II. The Cold War at Home:
        A. Domestic Turbulence
        A series of postwar strikes and revelations of communist infiltration into government
agencies contributed to a growing fear of communism within the U.S. Senator Joseph McCarthy
capitalized on these fears to gain political prominence with his claims that the State Department
was riddled with communists. This fed a growing paranoia and led to a second Red Scare.
   Topic 9: America at Mid-Century: Prosperity & Its Discontents, 1952-1968
                                       Text: ch. 27 & 28

I. Quiet Changes, 1953-1961:

       A. I Like Ike
       Eisenhower won the 1952 presidential election on a platform promising to end the
Korean War.

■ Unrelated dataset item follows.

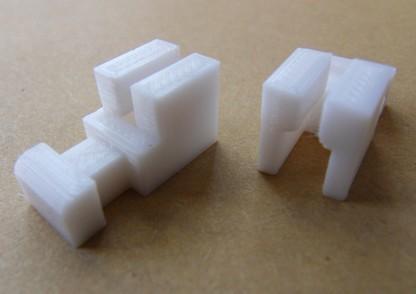 Maytronic robot transformer hanger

A man of considerable organizational skill and with the ability to work well with
diverse people, in his political dealings he emphasized moderation and compromise. At home he
sought to limit the growth of governmental power and eliminate bureaucratic waste, while in
foreign policy, although embracing the idea of containment, he rejected Truman’s version of it as
too confrontational, expensive, and disorganized. With the rise to power in the U.S.S.R. of
Nikita Khrushchev (following Stalin’s death in March 1953), a period of “peaceful coexistence”
ensued as both sought to moderate Cold War tensions and hostilities.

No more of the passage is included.